A new lightweight framework based on knowledge distillation for reducing the complexity of multi-modal solar irradiance prediction model

Abstract

The inherent uncertainty of solar energy brings great difficulties to the grid connection and short-term energy planning and dispatching. Deep learning method makes it possible to predict the short-term solar energy with its powerful learning ability, but its complex model structure and huge trainable parameters bring great difficulties to the practical deployment. Therefore, this paper proposes a lightweight framework based on knowledge distillation strategy, which greatly reduces the complexity of multi-modal solar irradiance prediction model meanwhile ensuring an acceptable accuracy, facilitating the practical deployment. Firstly, a teacher model with multi-modal structure and good accuracy is built based on ResNet18-Informer. Then, the lightweight model is obtained by the proposed lightweight framework depending on the knowledge of teacher model. The comparisons of various models and the optimal settings of knowledge distillation are analyzed.

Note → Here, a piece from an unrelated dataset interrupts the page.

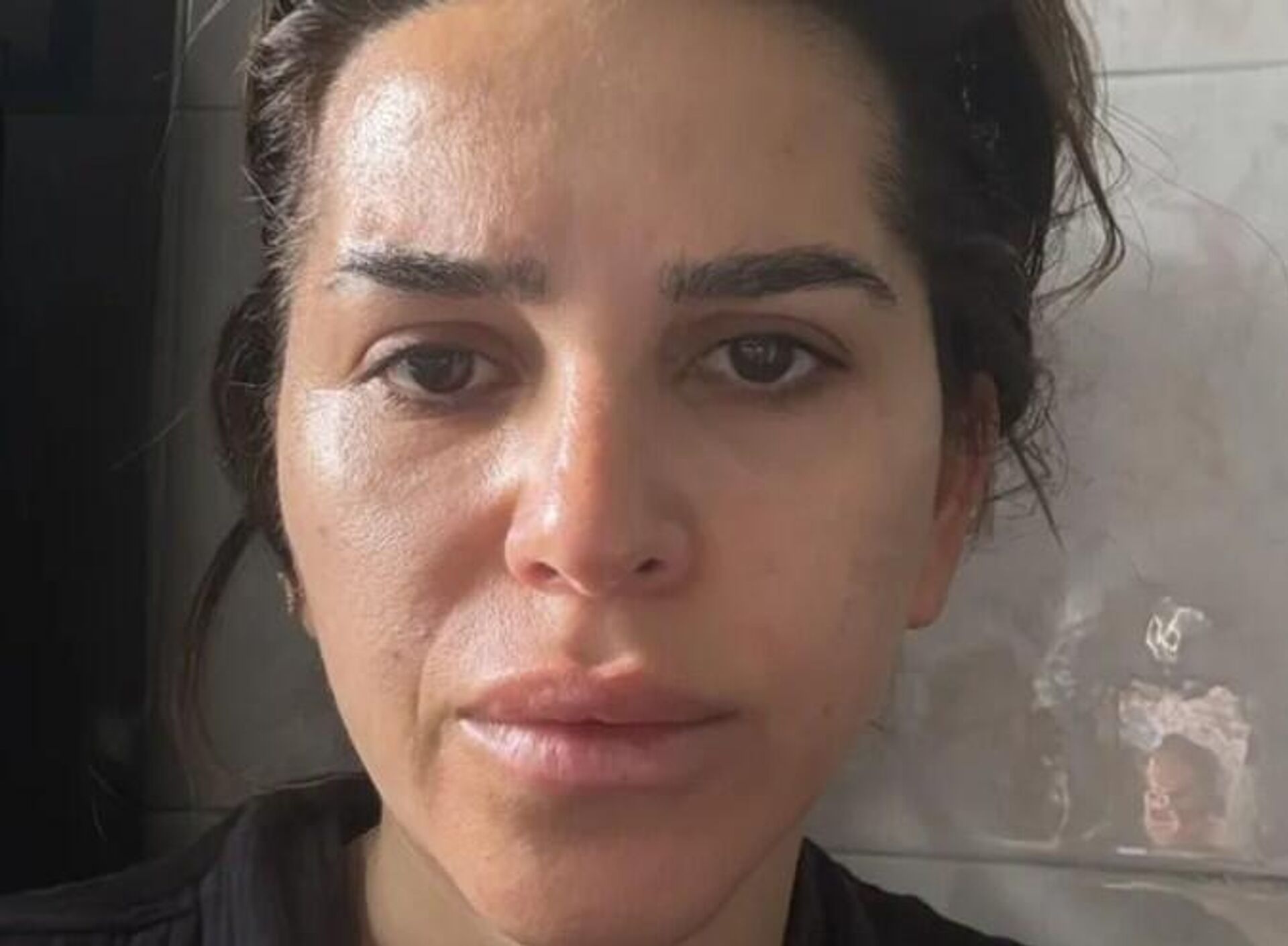 Gençlik aşısı yaptırdı, hayatı altüst oldu: Artık gülemiyor - Sputnik Türkiye, 1920, 08.06.2025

Results show that the lightweight model can reduce the trainable parameters, inference time, and GPU memory by 97.7%, 52.5%, and 36.3%, respectively. The normalized root mean square error is reduced by 24.87% compared with the same structure model but without knowledge distillation, verifying the superiority of the proposed framework. The soft loss using the light loss with the ratio of 0.3 can obtain the best training results for the lightweight model. The structure with 3 residual blocks and 3 LSTM layers is proved to be the best for the lightweight model in the solar irradiance prediction task.